BIA has poor accuracy in estimating body fatness or body water content, with studies reporting large errors in estimates of up to ~5%. If there is a ±5% error from a ‘true’ body fat value of 8%, then body fat will sit somewhere in the region of 3-11%. This is obviously a very large range. Estimates are largely influenced by hydration status, because the scales measure the resistance to the electrical current (better hydrated = less resistant). If measures are taken repeatedly over time, then changes in estimates may be due to a change in hydration status as opposed to a change in body composition. Similar to skinfolds, BIA scales use equations to predict fat mass and fat free mass. The accuracy of the estimations will be improved by matching the population used to create the equation with the athlete being measured. Many modern scales will ask to enter details of the type of athlete on the scales, but if this sort of input is required to get more accurate numbers, one should question the underlying measurements.
How long between measurements to see a change?
Measurements are often taken regularly and frequently (daily or weekly). This helps to see trends over time. Even methods that are less reliable and less accurate can be used to see such trends. However, due to the errors within measures, a significant amount of time (around 2-3 months) should be left in between measurements. It takes time to respond to interventions and to see significant changes in body composition. Drawing conclusions when measuring too frequently and looking at the individual values is dangerous. Due to the inherent errors within measurements, especially if a single body composition method is used (and not a multi-compartment model), a specific value should not be used as a cut-off/threshold for selection. For example if body composition is measured once a month and one measurement is suddenly higher, it would be wrong to conclude that body composition is changing. It might be, or it might not be.

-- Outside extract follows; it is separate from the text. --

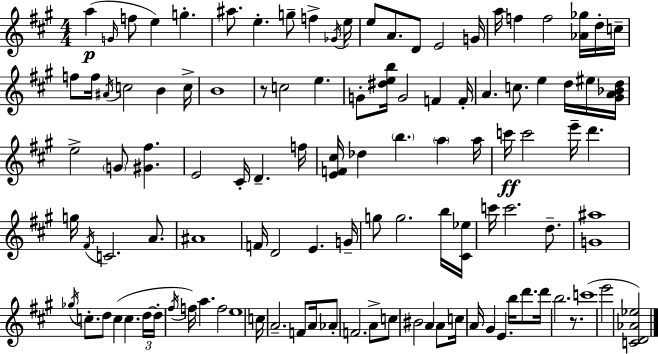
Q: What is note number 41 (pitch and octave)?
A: G4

So… which method should I use?
The most appropriate method for the specific context should be used. It is about getting a balance between accuracy, reliability and practicality. If you have an understanding of the reason you are assessing body composition, then this will help when deciding which technique to use. If you are taking a one-time measurement, and really want to get an absolute number for body composition, then you will want a more valid measure that you know will give accurate results (in this case, you may want to use a multi-compartment model). A DEXA measurement could also do the job, although even a DEXA measurement would have to be interpreted with caution. However, if you are monitoring body composition and taking repeated measures over time, then you will want a more reliable measure that is sensitive to change between measures (for example DEXA or skinfolds). You may not be able to say anything about the absolute values for body composition but you will be able to look at trend lines. Conclusions based on one or two measurements should be avoided with these methods.
Ackland TR, Lohman TG, Sundgot-Borgen J, et al. Current status of body composition assessment in sport: review and position statement on behalf of the ad hoc research working group on body composition health and performance, under the auspices of the I.O.C. Medical Commission. Sports Med. 2012;42(3):227-249.